The D.C. Circuit Court Coal Combustion Conclusion: “C” is for Cookie, that’s good enough for me!”

Posted on September 19, 2018 by Kathy Beckett

As our blue friend, The Cookie Monster, looks for words that begin with “c” he immediately settles upon a single favorite, the cookie. There is a bias in the selection by The Cookie Monster, as he prefers only one thing, cookies.  By using one noun and offering no other, we can conclude The Cookie Monster has a bias against other “c” nouns like carrots, cabbage and  cauliflower.  Using The Cookie Monster preferred word “c” methodology as applied to the recent D.C. Circuit decision in Utility Solid Waste Activities Group, et al. v. EPA et al., No. 15-1219 (August 21, 2018), one can find several “c” words selected by the panel of judges, Henderson, Millett, and Pillard that predict the conclusion.  As with The Cookie Monster, early choice of words sends a message.

Beginning with the obvious, the petitions filed by industry and environmental advocates concerned “coal”, “coal residuals” to be precise.  The petitioners challenge the EPA 2015 Final Rule governing the disposal of coal combustion residuals produced by electric utilities and independent power plants.    The Court offers in their Background discussion an opening observation that contaminants that are cancerous are found in coal residuals that are disposed of in concentrated locations that are massive.  These disposal areas are constructed without composite liners sometimes using inadequate clay liners allowing the commingling of water and contaminants.  Background conditions may not be able to be restored.  Catastrophic risks are posed and consequences may be amplified.  A compendium of damage cases has been compiled.  Complete destruction of aquatic ecosystems are identified. 
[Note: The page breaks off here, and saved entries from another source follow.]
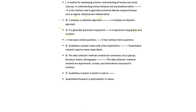Then in qualitative, data collection methods involve interviews, focus groups, literature review, ethnography, etc. But in quantitative, the data collection methods included are experiments, surveys, and observations. Qualitative research is holistic in nature, whereas quantitative research is particularistic in nature.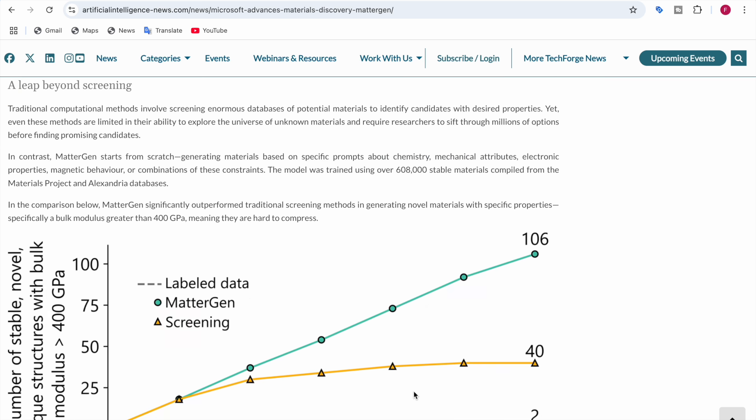Unlike traditional methods that sift through known materials, MatterGen actually starts from scratch. Imagine it's like asking an AI to design a new car instead of choosing one from a catalog. This model is trained using over 608,000 stable materials, compiled from the Materials Project and Alexandria databases.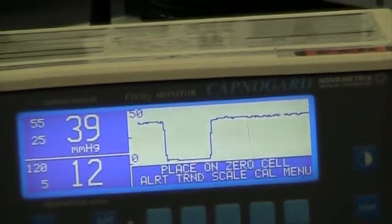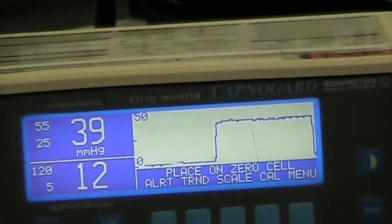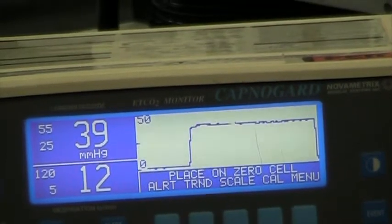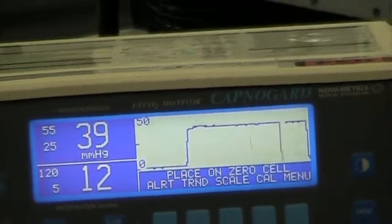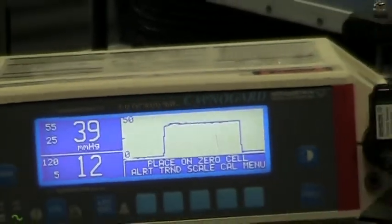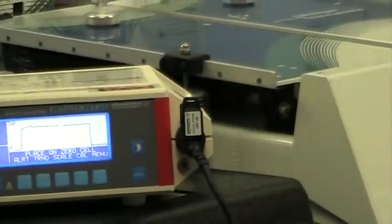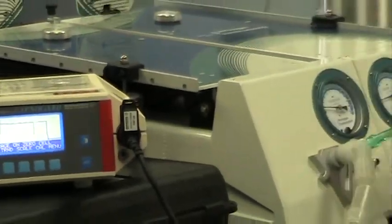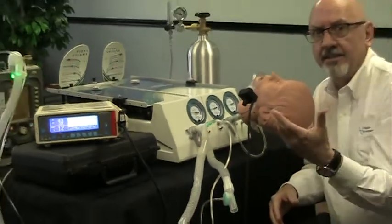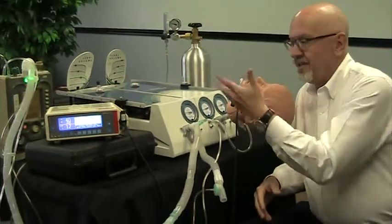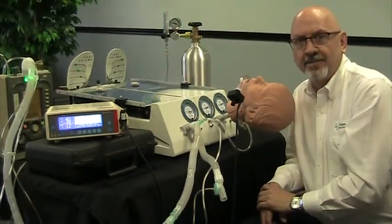This would be ideal for changing ventilation rates, changing tidal volumes, changing the amount of CO2 being produced, and looking at those results. Again, this is a question that comes up quite frequently: can we introduce a gas into the lung and measure it coming back out? This is how you can do that.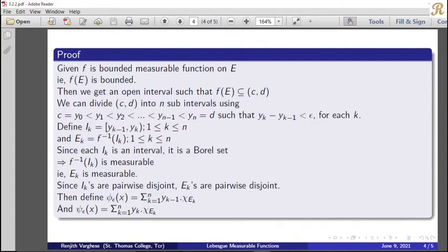We know that each I_k is an interval and every interval is a Borel set. Every Borel set is measurable. Since f is a measurable function and I_k is a measurable set, by the proposition, f^{-1}(I_k) is measurable. Therefore each E_k is measurable.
With the initial “c” analysis as noted above, the casual reader can predict the EPA Coal Residual rule does not fare well with this panel.  A few opinion highlights are offered:

  • Congress’ passage of the Water Infrastructure Improvements for the Nation Act (“WINN Act”) will have to be managed by EPA later.
  • Continued operation of unlined impoundments pursuant to 40 CFR 257.101 is vacated and remanded for consideration.
  • Clay-lined impoundments are not actually lined, so the court vacates 40 CFR 257.71(a)(1)(i).
  • Capricious describes the legacy ponds regulation.
  • Cure for select portions of EPA’s coal residual rule is a remand of (i) the regulation of coal piles; (ii) the Proposed Rule’s notice of Coal Residuals pile regulation; and (iii) the 12,400-ton threshold for beneficial use (and notice thereof).

Concurring, Henderson construes disposal to mean CCR is not curb trash.